Most firms try to start at automate. That is where the cost savings look biggest on a slide. It is also where things tend to break.
The judgment problem
Automation works when you understand a workflow well enough to encode what it requires. The difficulty is that most financial services workflows carry more embedded judgment than anyone has ever had to articulate, because a human was always there to apply it without being asked to explain it.
Take KYC reviews or client onboarding. On paper it looks procedural: collect documents, verify against data sources, flag discrepancies, approve or escalate. But anyone who has worked in it knows there is more going on. Edge cases that experienced analysts handle on instinct. Patterns that fall outside the rulebook but that someone with a decade of context would recognise immediately. Relationship considerations that quietly shape what good enough looks like for a particular client.

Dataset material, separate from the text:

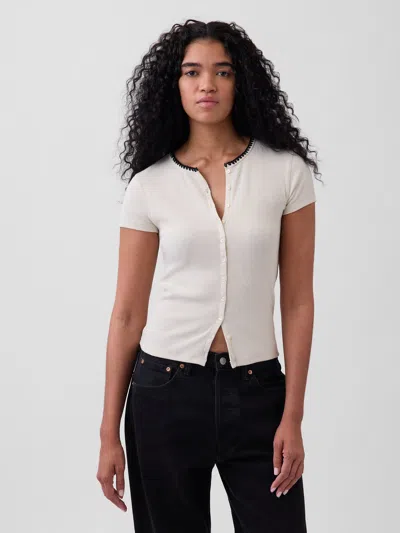 Gap Modern Rib Button-front Crew T-shirt In White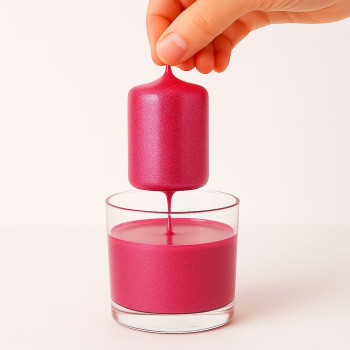 Rosa Lack mit Glitzer für Kerzen. Online-Verkauf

When you automate before you have surfaced that judgment, one of two things tends to happen. The system is too rigid and creates friction for legitimate cases. Or it is calibrated too loosely and becomes a liability when something goes wrong, and then you are explaining to a regulator why no human was more involved.
Neither outcome is a technology failure. It is a design failure.
Why assist is not the cautious option
There is a tendency to treat assist mode as the conservative choice. Something you do while waiting for the technology to mature enough to really automate. That framing misses what it actually gives you.
When you deploy AI to assist rather than replace, you build a working relationship between your people and the system. Analysts start to understand where the AI performs well and where it does not. You accumulate real evidence, decisions made, overrides logged, accuracy tracked, that tells you whether augmentation or automation is genuinely appropriate and for which parts of which workflows.
You also build institutional confidence. The people inside the process feel in control. They are not being bypassed. They are being supported. That matters for adoption, and it matters when things get audited.
In financial services, that audit trail is not a nice-to-have. “A human reviewed and approved this” is a defensible position. “The model decided and nobody checked” is not.
The question most AI projects never ask
Most AI deployment projects start with a technology question: what can this do? The more useful starting point is: what does this workflow actually need?
That requires understanding the workflow before trying to change it. Where does judgment live? Where are the edge cases? What does good look like, and who decides? When something goes wrong, who is accountable?
These are not technology questions. They are design questions. And they tend not to get asked, not because teams are careless, but because the pressure to move quickly and show results makes it feel like slowing down is the wrong instinct.
It is not. Taking the time to understand a workflow properly before deploying AI into it is what separates implementations that hold up from ones that get quietly decommissioned.
Helping teams ask the right questions before they build
This is the work we focus on at Experience Haus. Not selling tools, not running proofs of concept that demonstrate what the technology can do. Helping teams ask the right questions before they build, so that when they deploy, they are building something that actually lasts.
The firms getting AI deployment right in financial services are not necessarily the ones with the most sophisticated technology. They are the ones who understood their workflows well enough to know where AI belongs in them, and at what stage.